Sunday, 22 April 2012

That night i couldn't sleep

*IMPORTANT*

there is a chapter previous to this one that i have just inserted called changing the endings it's from Esmee's side! Please go back and read it if you haven't. thanks vikki



That night I couldn’t sleep
Mi
I had never really slept well since I was a little girl. At night the monsters came out to play whether they were inside my head or the shadows of my step father but in the past month at apple gate house things had changed and for the first time in a long time the nightmares stayed somewhere out of sight and my stepfathers shadow was far away allowing me to find how healing sleep was.

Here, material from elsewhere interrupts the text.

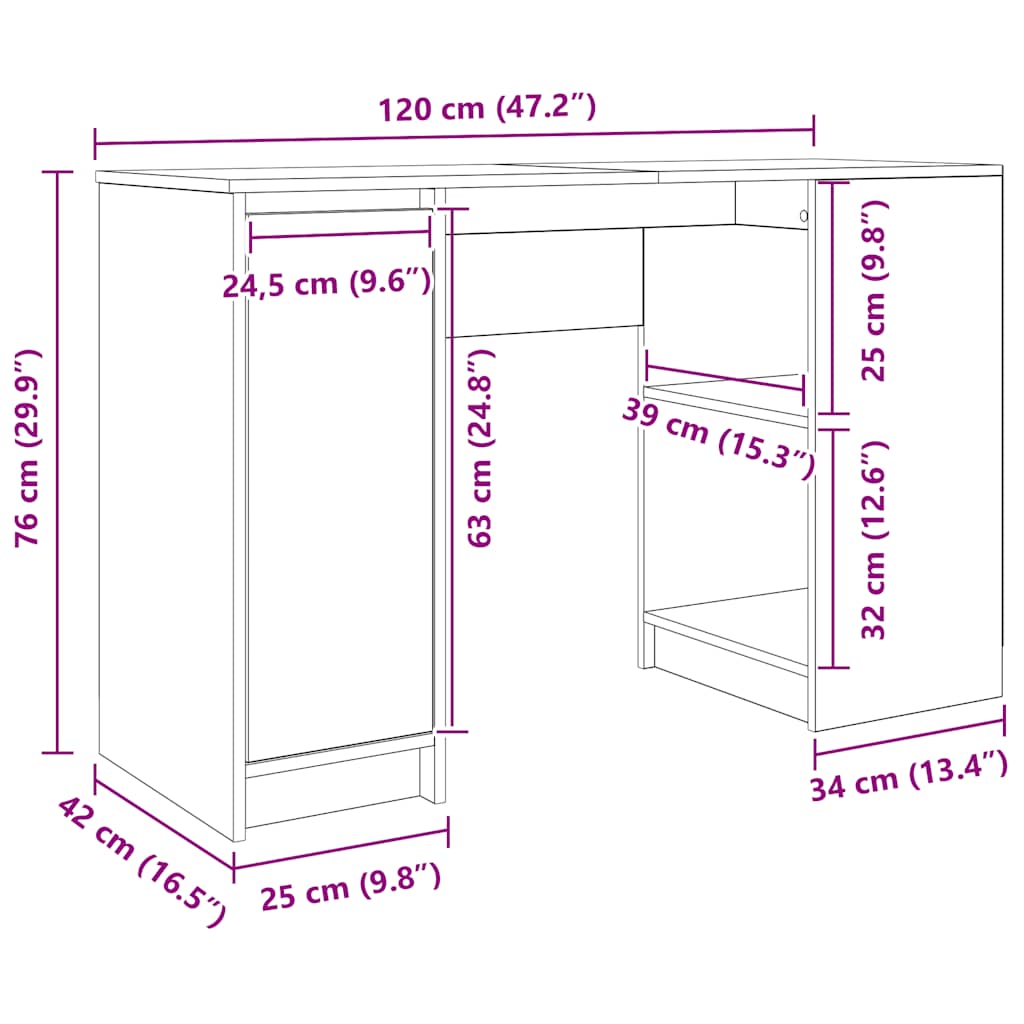 Stol dimljeni hrast 120x42x76 cm konstruirano drvo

However that night I didn’t sleep.

 The next day I would be embracing my future. At ten am I would be strapped into the back of either Esmee or Emmet’s car and they would be taking me to see my future. They said I belonged there and Esmee told me stories of all we would achieve together but I know she had the romantic image in her head. It was going to be a lovely house and my new room sounded something from a fairy tale but I was not a bear, I wasn’t even close. I was Mi and I was more likely to tear them apart then fill in any missing spaces. I was going to ruin their lives because she was expecting Disney princess and I was nothing more than one of the ugly sisters. I wanted to believe in her fairy tale. That I could get out of the unit and live happily with my sister and her husband but I wasn’t stupid, It couldn’t happen to me.

That night I couldn’t sleep. I was about to destroy someone life.